Concept

Scythian culture

Résumé
The Scythian culture was an Iron Age archaeological culture which flourished on the Pontic-Caspian steppe in Eastern Europe from about 700 BC to 200 AD. It is associated with the Scythians, Cimmerians, and other peoples inhabiting the region of Scythia, and was part of the wider Scytho-Siberian world. The Scythian Culture can be divided into three stages: Early Scythian – from the mid-8th or the late 7th century BC to about 500 BC Mid-Scythian or Classical Scythian – from about 500 BC to about 200 BC Late Scythian – from about 200 BC to the mid-3rd century AD, in Crimea and the Lower Dnipro, by which time the population was settled. The Early Scythian Culture emerged during the 8th century BC. Since the Scythians were nomads who did not create permanent settlements, the Early Scythian culture is known primarily from Scythian funerary sites. The Scythians originated in the region of the Volga-Ural steppes of Central Asia, possibly around the 9th century BC, as a section of the population of the Srubnaya culture, to which the Scythians themselves initially belonged.

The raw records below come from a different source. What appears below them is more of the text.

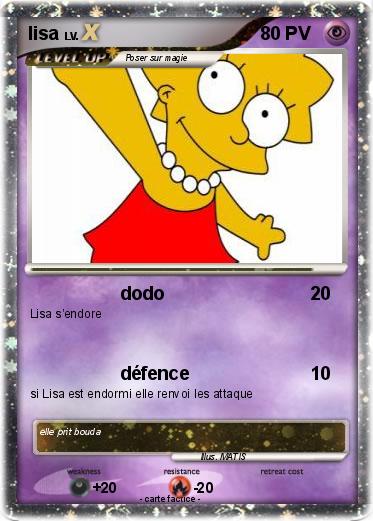 Pokemon lisa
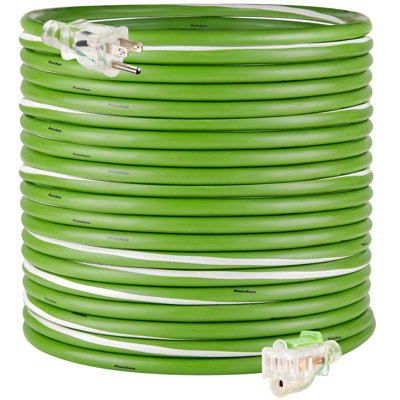 Cordon de rallonge verrouillable d'extérieur de 100 A 12 AWG 15 A PowerSmith PEC123RL-100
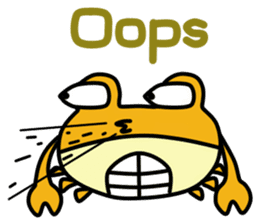 Crabble sticker #3428185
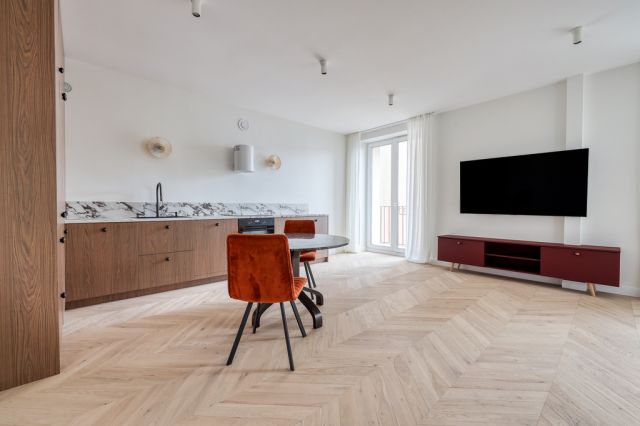 Mieszkanie 3-pokojowe Warszawa Śródmieście, ul. Wilcza. Zdjęcie 1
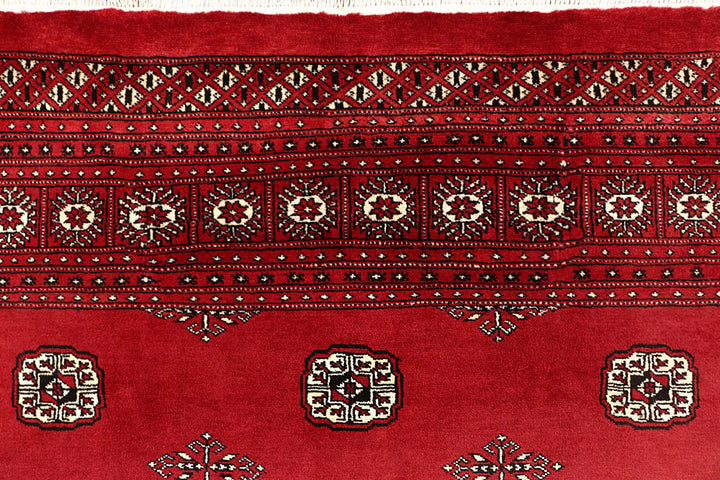 Red Bokhara 10' 1 x 14' 4 - No. 59599 - ALRUG Rug Store
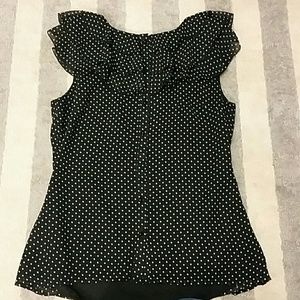 SOLD Ann Taylor Sleeveless Blouse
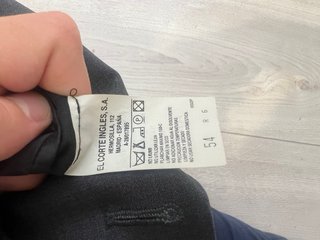 Americana / Chaqueta traje Emidio Tucci (El Corte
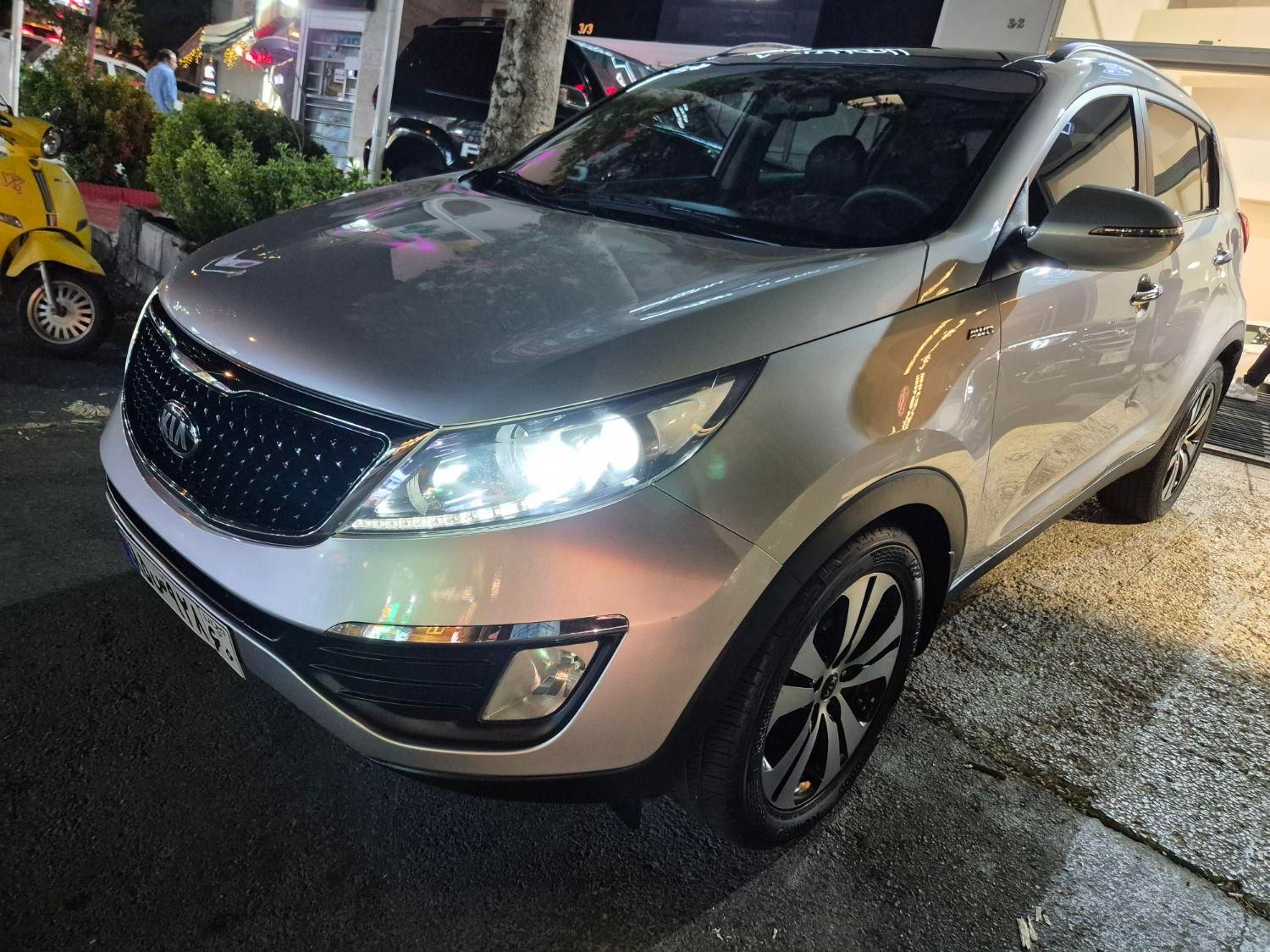کیا اسپورتیج 4 سیلندر 2400cc - 2013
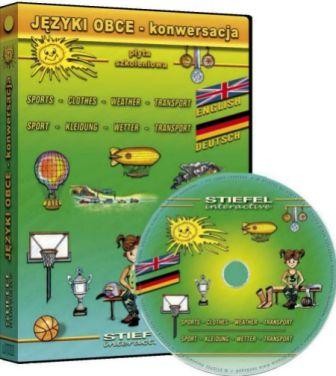 Języki obce konwersacja program interaktywny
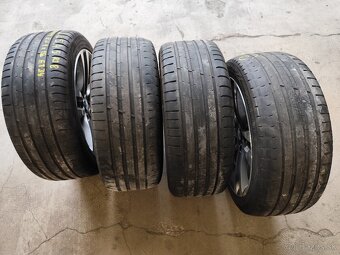 BMW sada alu+pneu 18" - 2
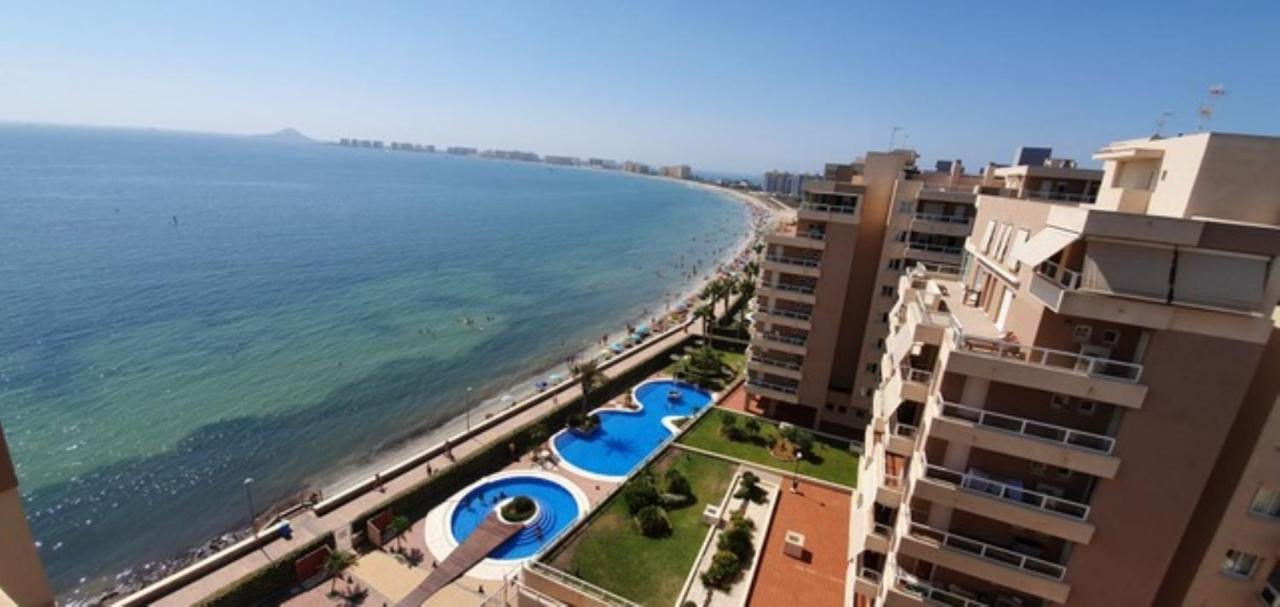 Precioso Apartamento En Primera Linea De Playa San Blas  Luaran gambar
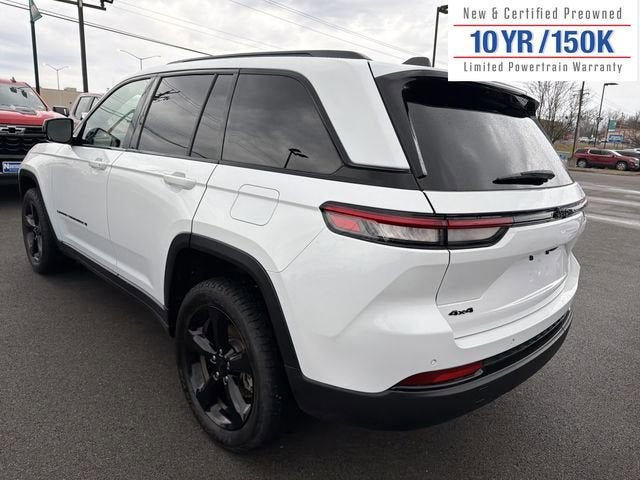 2023 Jeep Grand Cherokee Altitude X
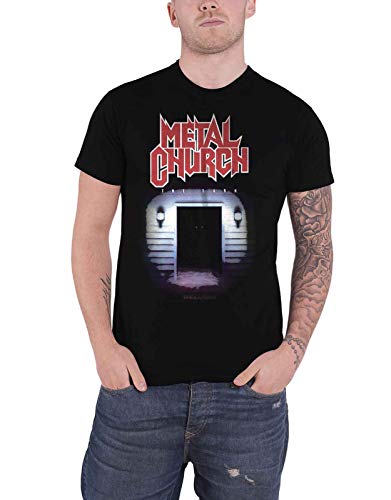 METAL CHURCH - DARK - tshirt - T Shirt - Size L image 1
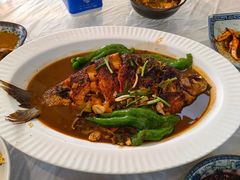 红烧大鳊鱼-芸海阁·农家私房菜(沙家浜景区出口店)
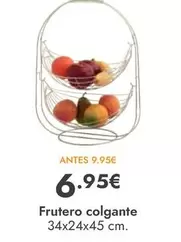 Frutero Colgante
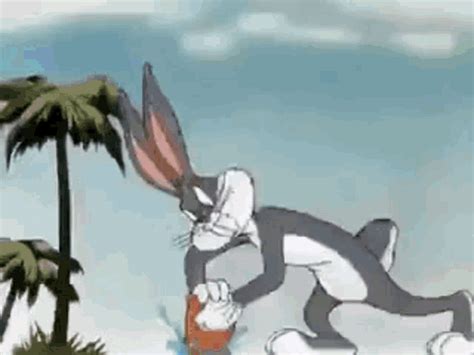 Funny Bugs Bunny Sawing Out City GIF | GIFDB.com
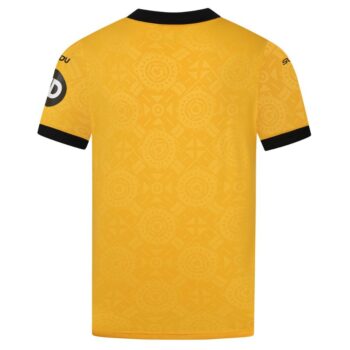 Alternative view of Maillot Wolverhampton Domicile 2025 2026
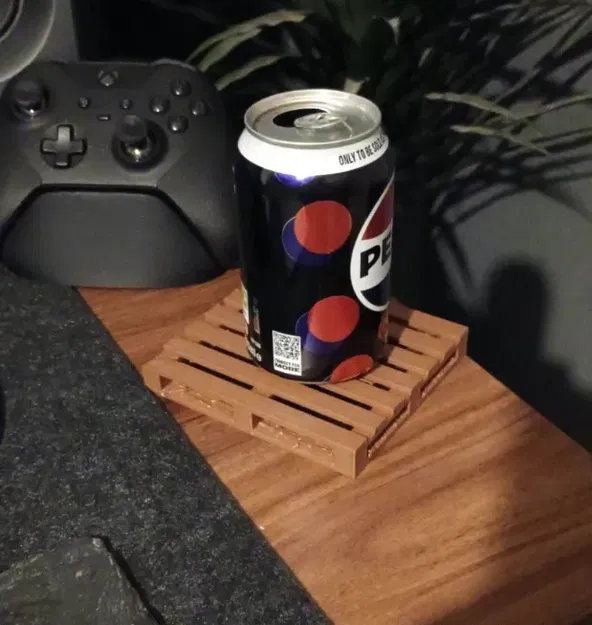 Bộ giá đỡ ly và xe nâng pallet độc đáo - Image 2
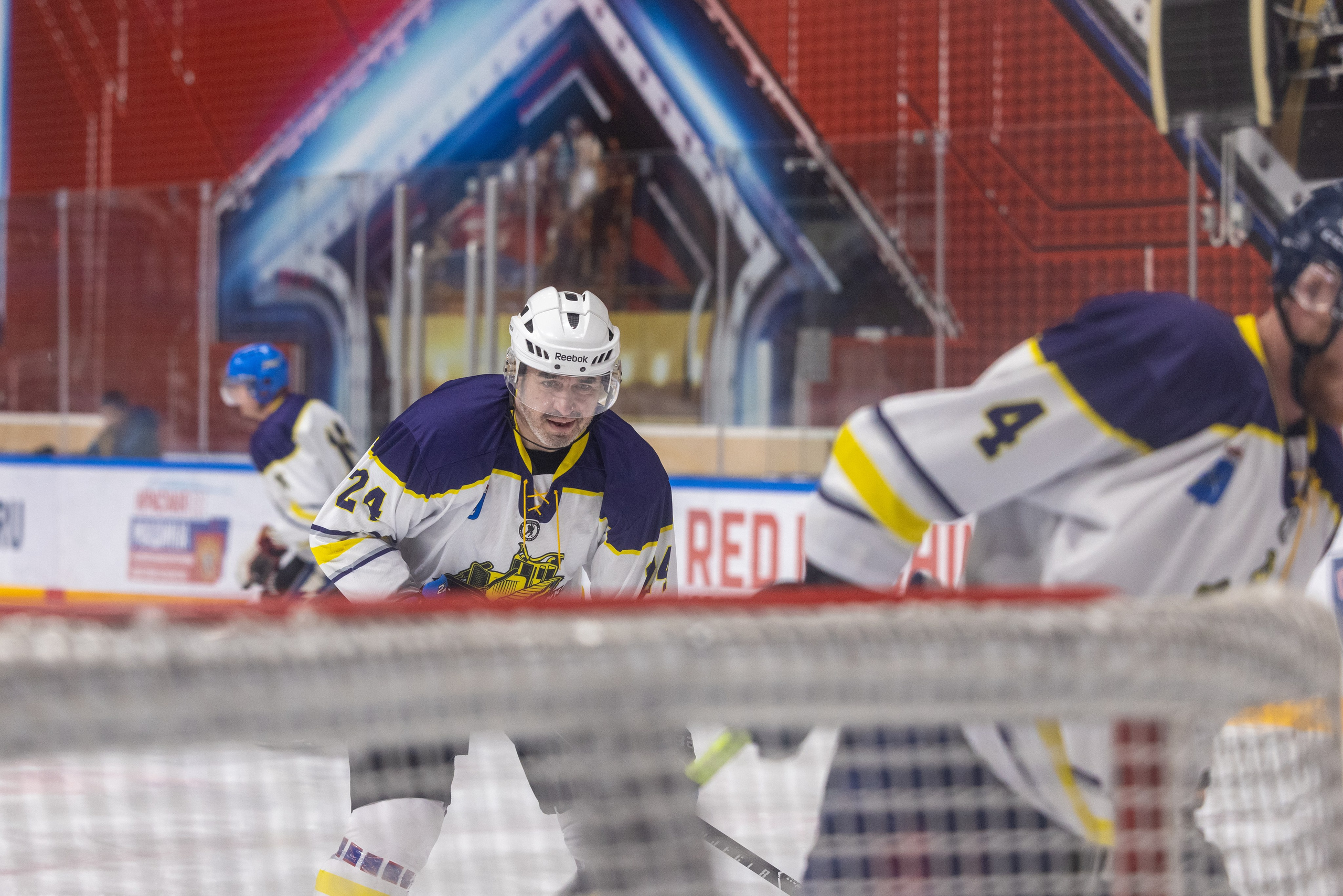 Бульдозер vs. LR-строй. Фотограф Александр Заломаев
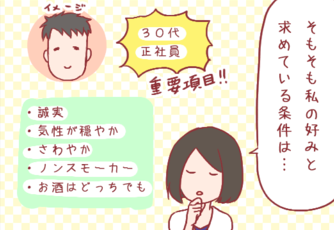 自ら獲物を追い求めない“草食系男子”は、待ってるだけじゃ永遠に出会えない by えむこ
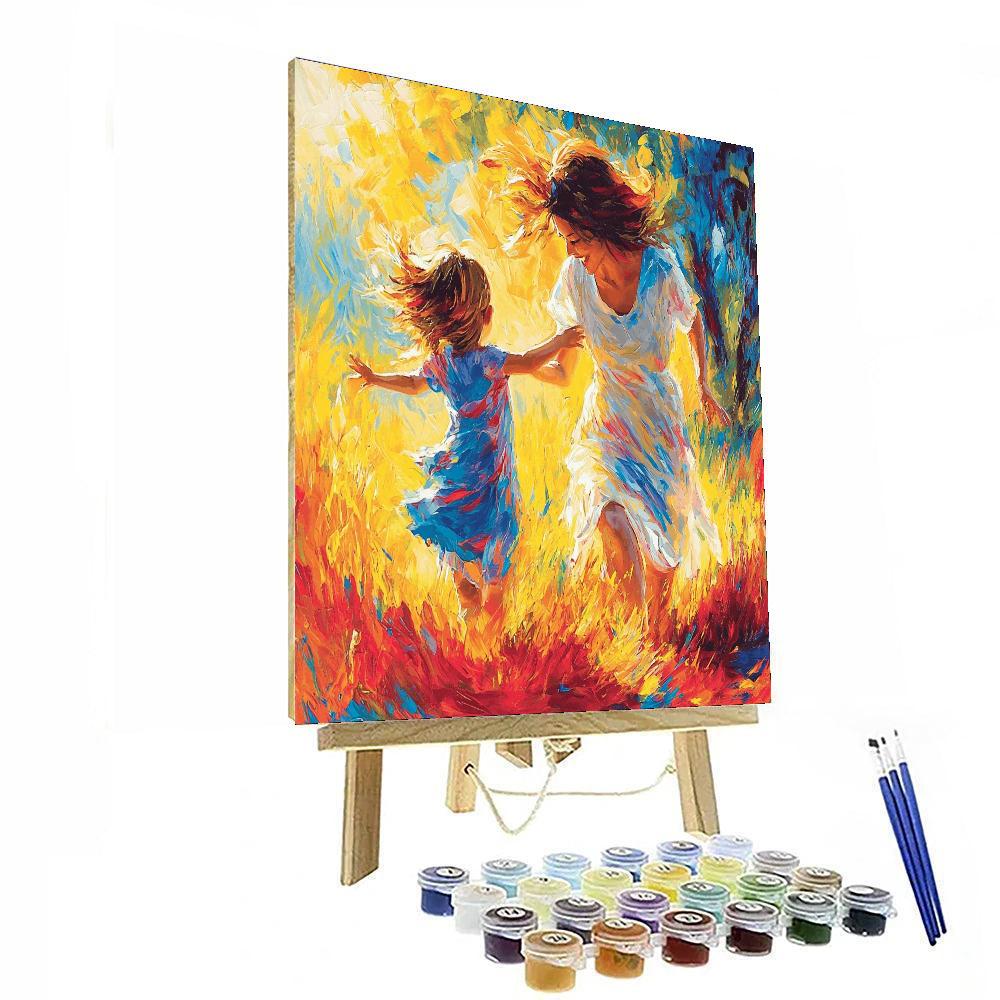 Rainbow Of Love Paint By Color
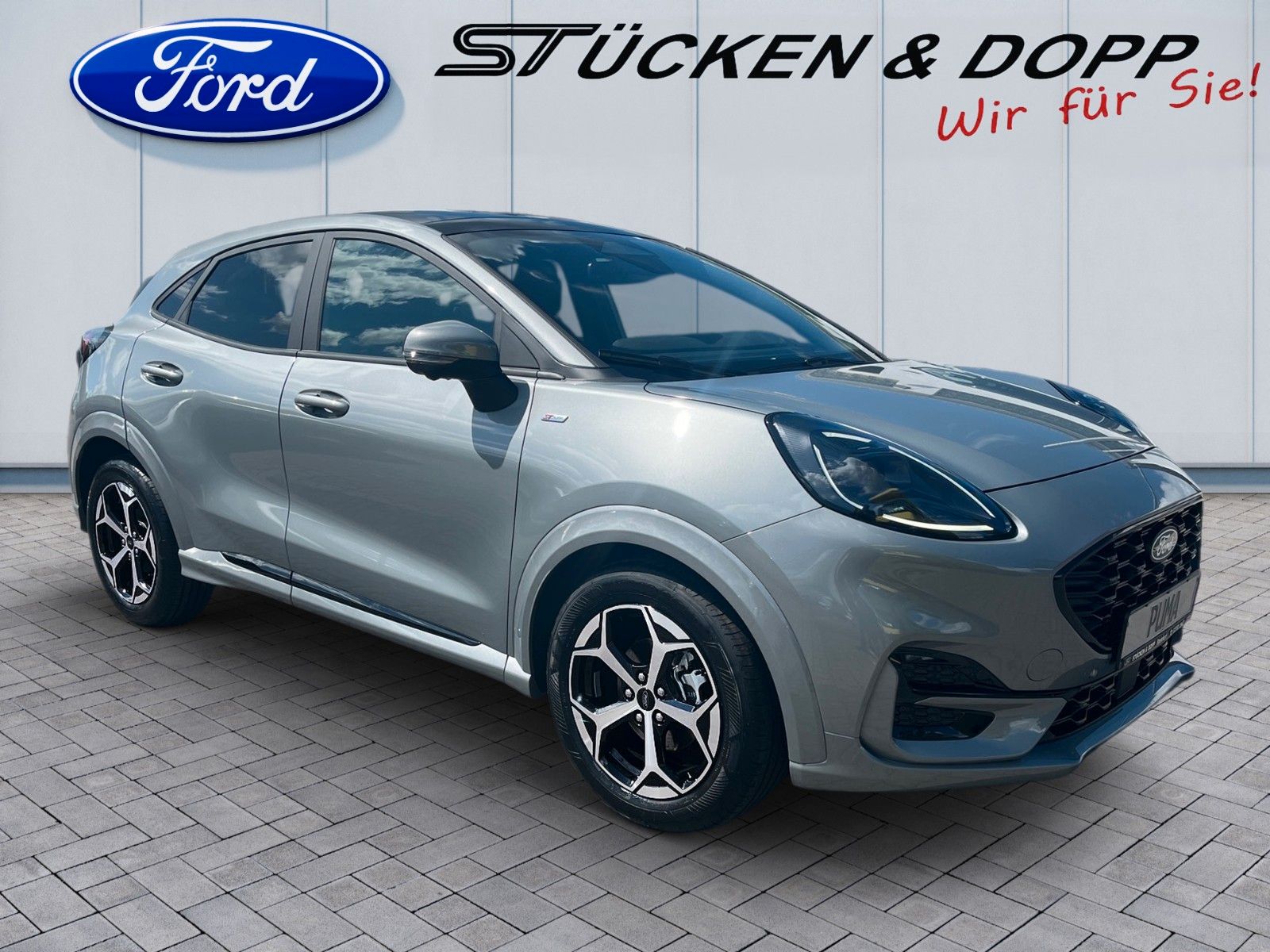 Fahrzeugabbildung Ford Puma 1.0 EcoBoost ST-Line+Panoramadach+LED+360°-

The population of the Srubnaya culture was among the first truly nomadic pastoralist groups, who themselves emerged in the Central Asian and Siberian steppes during the 9th century BC as a result of the cold and dry climate then prevailing in these regions. Archaeologically, the Scythians proper as well as a related people from the Caspian and Caucasian steppes, the Cimmerians, both belonged to pre-Scythian cultures, with the earliest Scythians belonging to the Srubnaya culture in its Srubnaya-Khvalynsk form. The Srubnaya culture expanded into the territory to the west of the Volga in two to three waves, with the westwards migration of the Early Scythians from Central Asia into the Caspian Steppe constituting the latest of these waves, which occurred in the 9th century BC. The Scythian movement into Transcaucasia is attested in the form of a migration of a section of the Srubnaya-Khvalynsk culture to the west into the Pontic steppe, to the south towards the northern foothills of the Caucasus mountains, and to the south along the western coast of the Caspian Sea into Transcaucasia and the Iranian plateau.